Immediately my mind jumps to the fantasy of having my face on the cover of the New York Times Magazine (in black and white — with a very serious expression.) That fantasy played in my head for a long time. She said that the play is my baby (no kidding), and that of course they want to give me credit. Duh. As if there could be any other option.
She told me that her nonprofit is in the infancy stages; I did some research on the Director and found that she has experience in starting non profits, etc. It sounds as if she already has a number of people invested in her vision. She said her creative director wants to meet me and how they should bring me down to Austin….ok…..I need to talk to Geoff about all of this. It feels way too good to be true.

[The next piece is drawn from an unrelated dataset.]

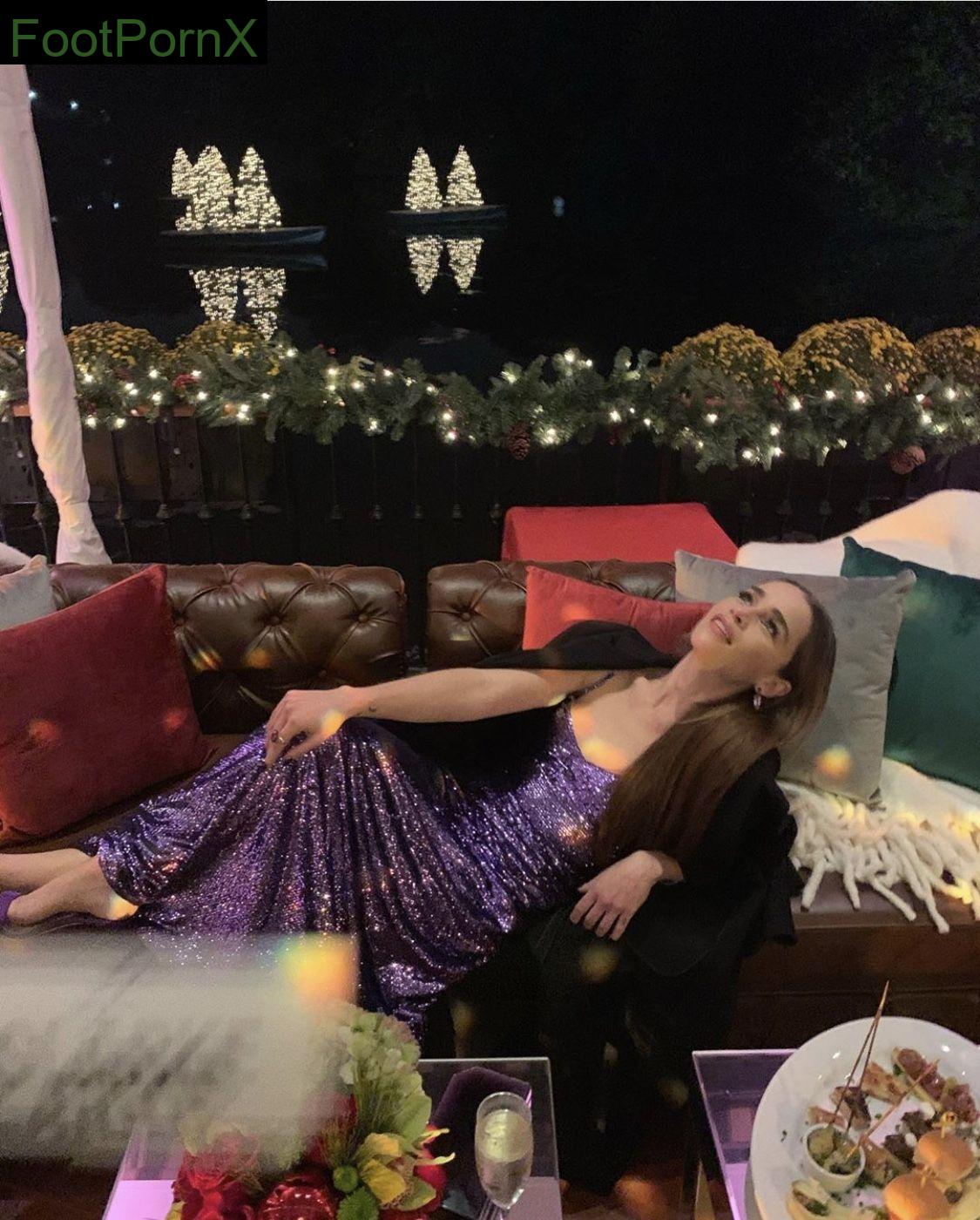 emilia clarke feet photo 4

And their website is lame.
I’m going to continue to work on all of my stand up material. This is no excuse to put on the brakes. It’s good, right? I’m just trying to figure out which mental basket to put it in and maybe it’s the ‘wait and see’ basket.
Guess it will be a mental exercise in not obsessing about the future, not trying to figure it out.

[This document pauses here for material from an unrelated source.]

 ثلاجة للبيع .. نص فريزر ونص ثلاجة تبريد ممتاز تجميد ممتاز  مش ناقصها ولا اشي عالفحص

But Back to the idea of Stand Up
Yesterday I talked myself into typing out the notes for a couple of bits. The next part is rehearsing them. I didn’t allow myself to get sucked into the Google pit today. Avoided Facebook as well. Both activities are extreme time suckers.
I sent her links to my blog; re-examining it, I reread each entry. I got filled up with self-love and acknowledgement and appreciation of myself and my efforts.
I had hope.
She asked how I would feel about doing talk-backs, about speaking to groups. I lied (to myself and to her), and said I would love to, that it would be a dream come true (I’d be delighted).
We’d spoken about having me write additional scenarios and vignettes, and the idea excited me a little because it had been a long time since I’d written anything theatrical. I’d felt blocked in that area for about a year, and that troubled me.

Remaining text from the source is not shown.